**Prompt**
I'd like the entire listing output verbatim, apart from the pictures.

**Provided data**

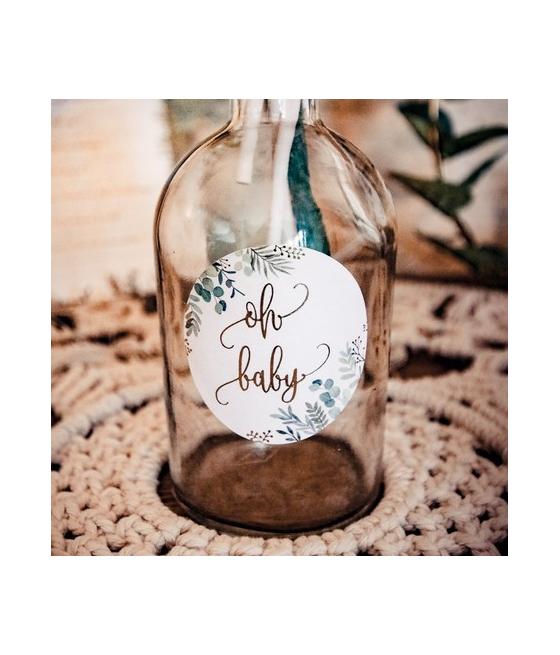 24 stickers Oh baby végétal et or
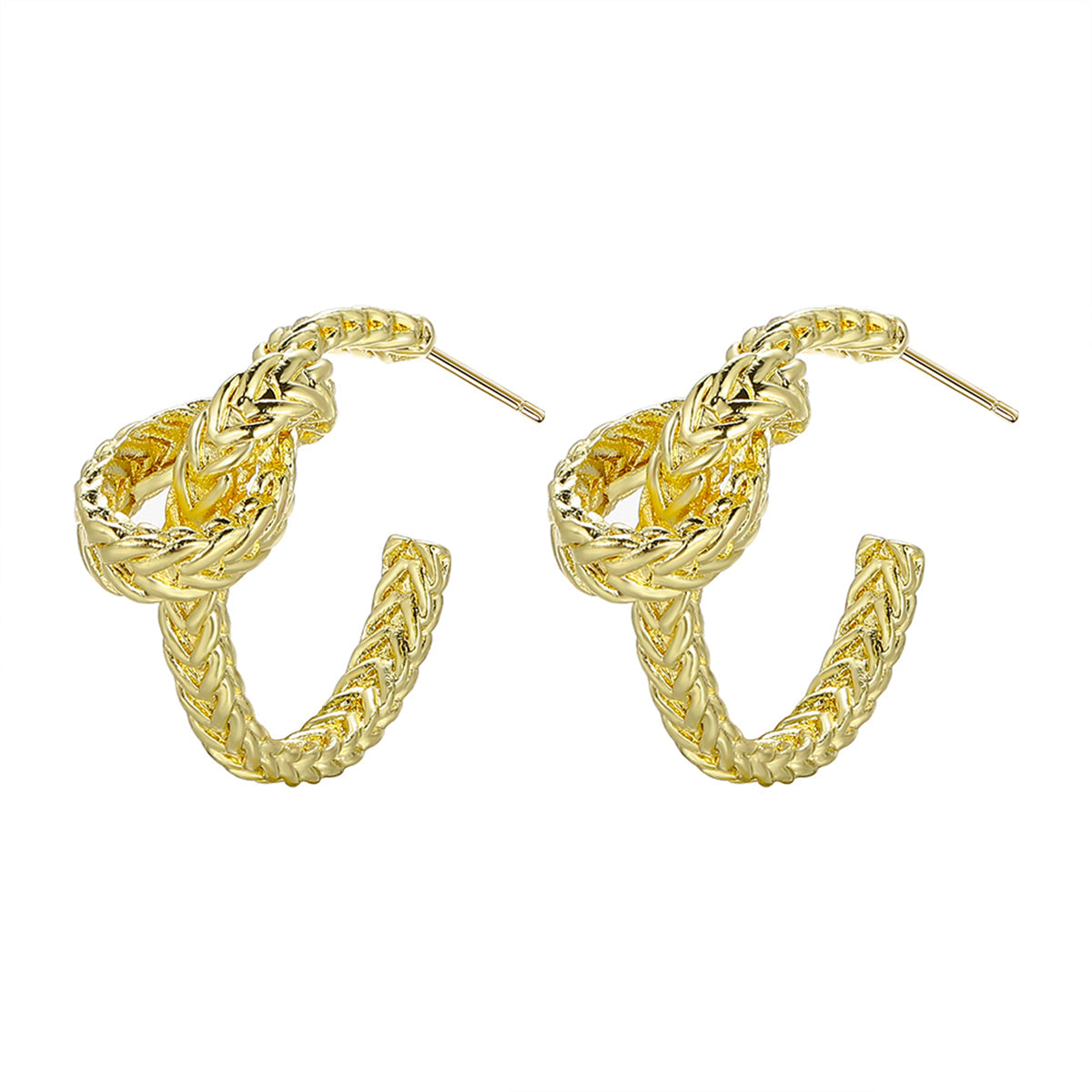 18K Gold-Plated Knot Hoop Earrings, gold huggie earrings, elegant gift for her, side view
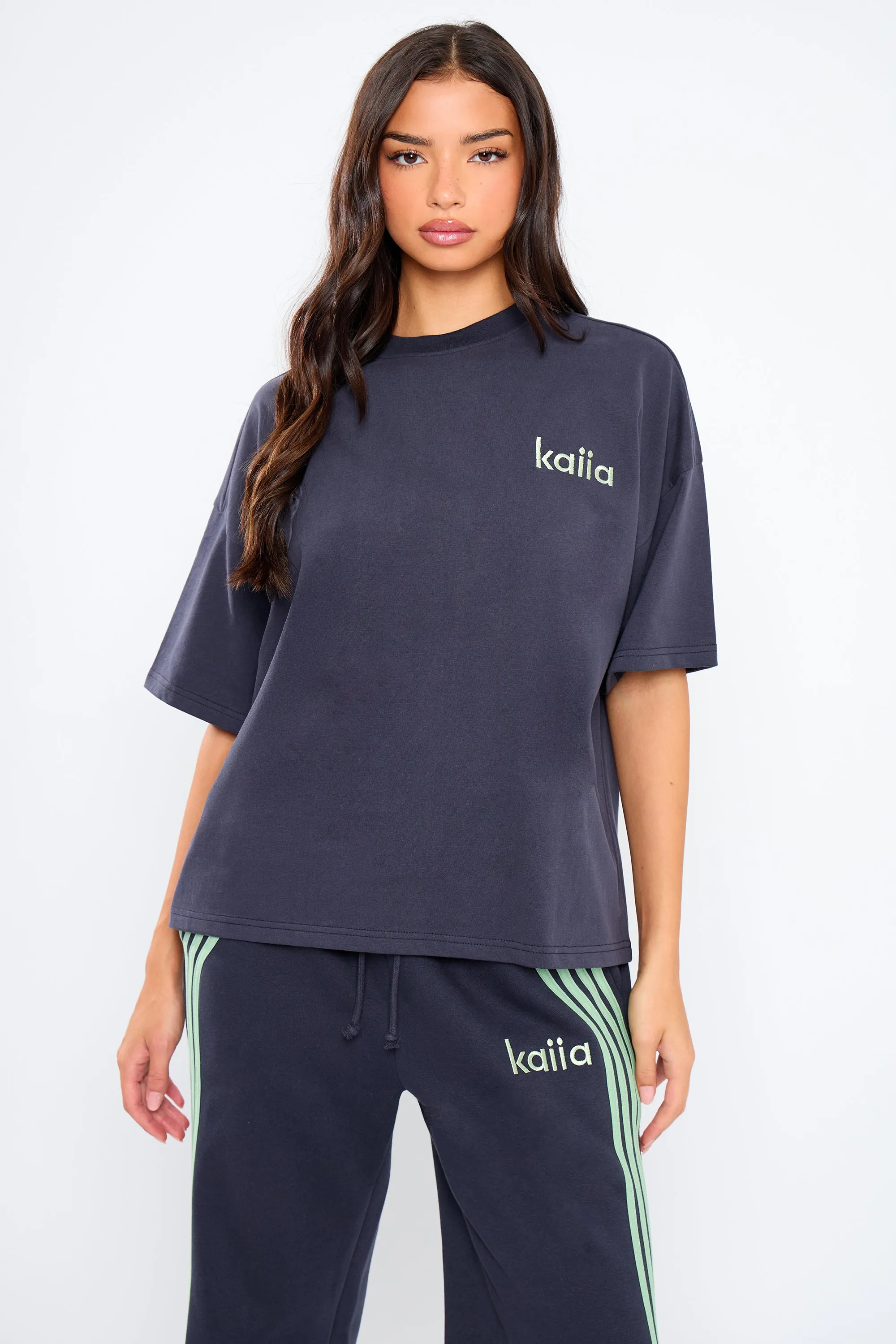 Kaiia Oversized T-Shirt Navy & Jade Green sold by Kaiia the label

**Task solution**
 24 stickers Oh baby végétal et or
 18K Gold-Plated Knot Hoop Earrings, gold huggie earrings, elegant gift for her, side view
 Kaiia Oversized T-Shirt Navy & Jade Green sold by Kaiia the label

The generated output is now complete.